Egwene se preguntó si la joven Aiel pensaba alguna vez en ella como una mañosa mujer de las tierras húmedas. Seguramente no o, de otro modo, no serían amigas. Pero Aviendha no aprendía nunca a plantearse, antes de hablar, si sus palabras podrían herir a alguien; sin duda se sorprendería si supiera que a ella se le había pasado siquiera por la cabeza la idea de sentirse herida.
—Del modo en que las Doncellas la hacen ir por ahí, cualquier hombre la miraría —admitió Egwene a regañadientes. Lo que le recordó que ella estaba al aire libre sin llevar puesto nada encima, y tropezó y casi se fue de bruces al suelo cuando miró con nerviosismo en derredor. Hasta donde alcanzaba a ver, la noche estaba desierta. Incluso las Sabias habían regresado a sus tiendas. Calentitas entre las mantas. Estaba transpirando, pero las gotitas de sudor parecían querer congelarse nada más brotar.

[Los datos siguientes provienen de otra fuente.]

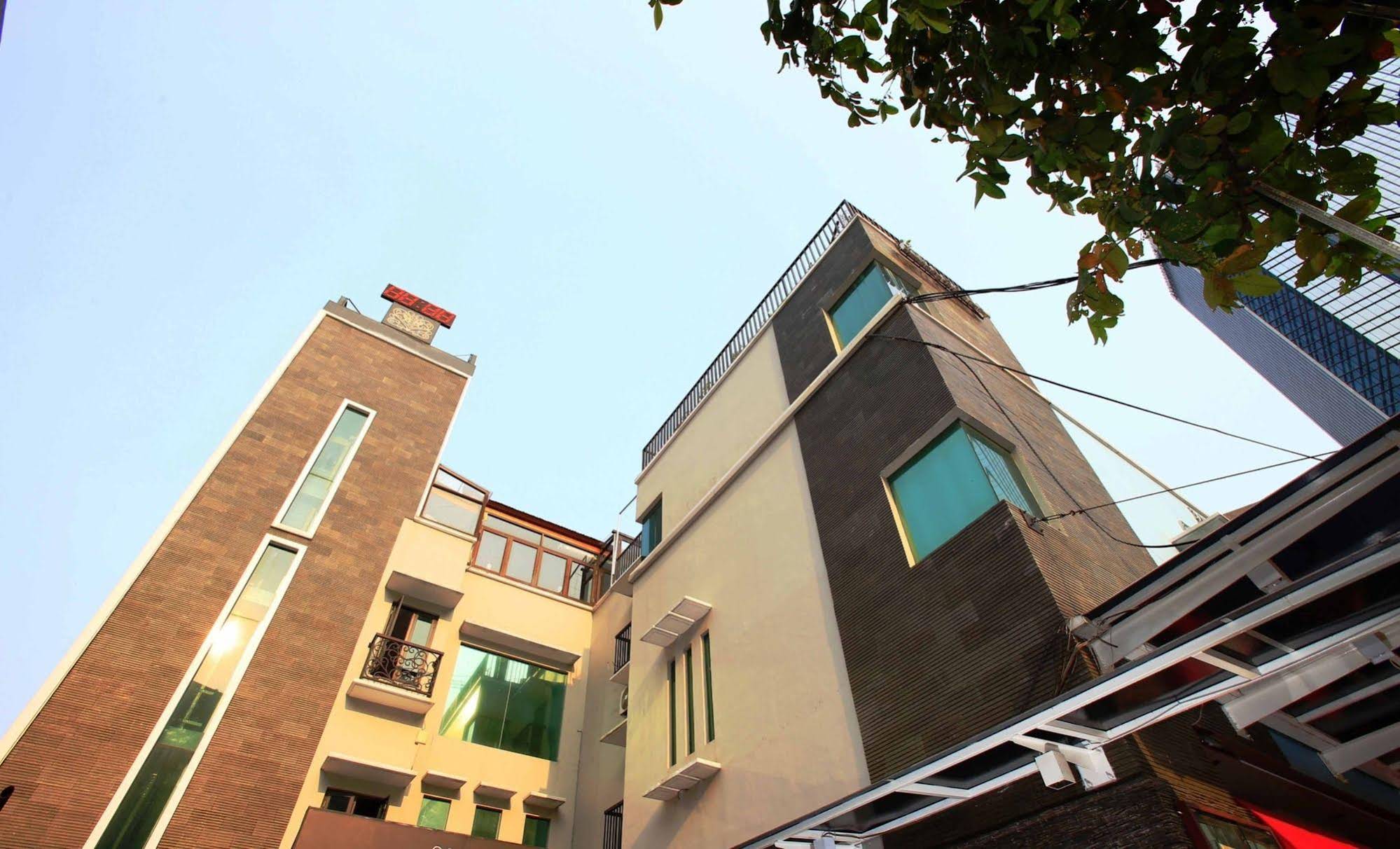 Blessing Residence by RedDoorz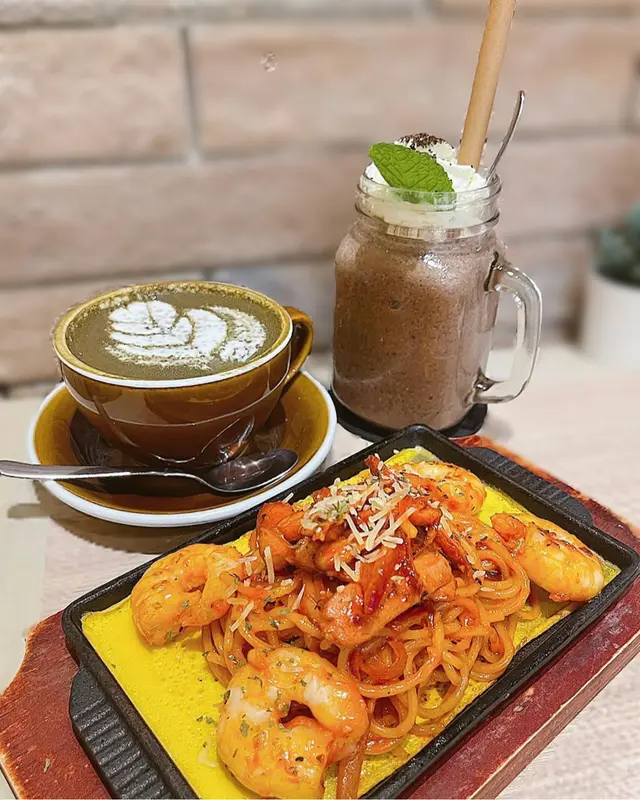 鐵板名古屋茄汁海蝦腸片意粉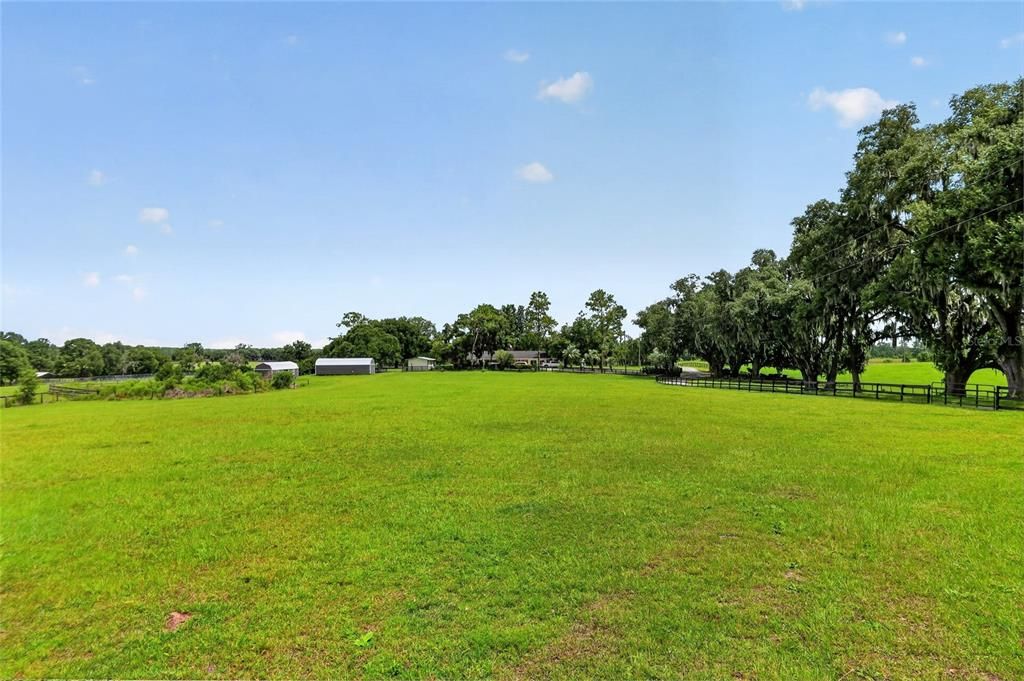 For Sale: $1,325,000 (4 beds, 3 baths, 6350 Square Feet)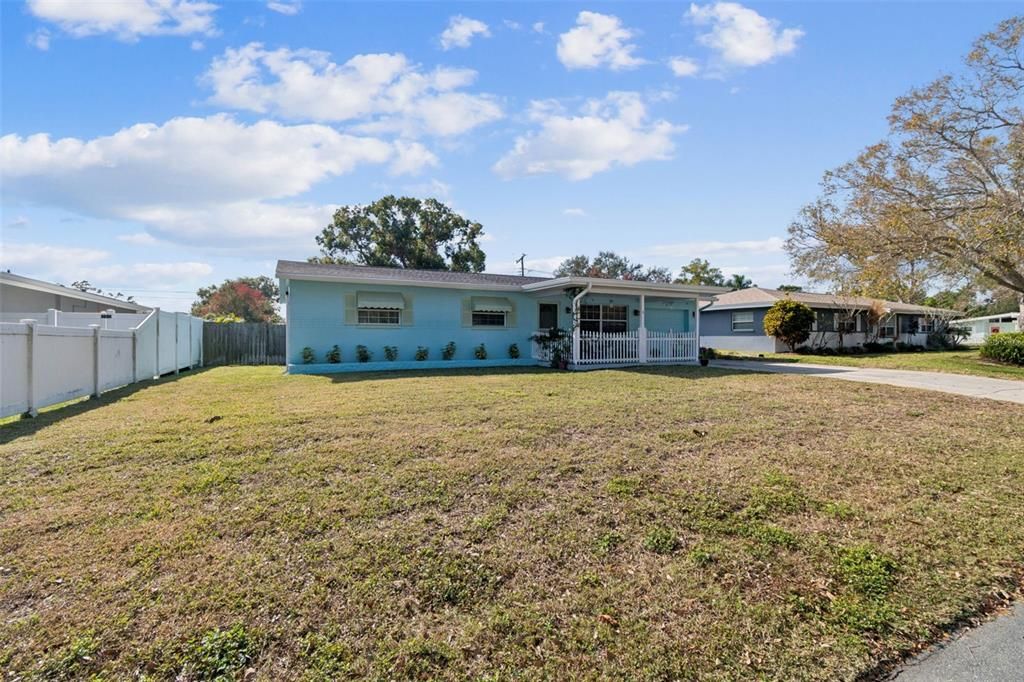 En Venta: $354,900 (3 camas, 2 baños, 1134 Pies cuadrados)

—Le pertenece a Elayne —dijo ferozmente Aviendha.
—Admito que nunca he comprendido del todo vuestras singulares costumbres, sin embargo, las nuestras no son iguales. Rand al’Thor no está comprometido con Elayne. —«¿Por qué razón le defiendo? ¡A él sería a quien habría que azotar!» Pero la honradez la obligó a continuar—: Hasta vuestros hombres están en su derecho a decir no, si les preguntan.
—Las dos sois medio hermanas, como tú y yo —protestó Aviendha, aminorando el ritmo que llevaba un par de pasos antes de reanudar el de antes—. ¿Acaso no fuiste tú quien me pidió que lo vigilara en su nombre? ¿No quieres que sea para ella?
—Por supuesto que sí. Pero sólo si él la quiere. —Eso no era exactamente cierto. Deseaba para Elayne toda la felicidad posible teniendo en cuenta que estaba enamorada del Dragón Renacido, y haría cualquier cosa, menos atar a Rand de pies y manos, para asegurarse de que Elayne consiguiera lo que deseaba. Quizá llegaría incluso a eso si fuera necesario. Pero admitirlo era algo muy distinto. Las Aiel eran mucho más lanzadas de lo que ella sería capaz de ser nunca—. De otro modo, no sería justo.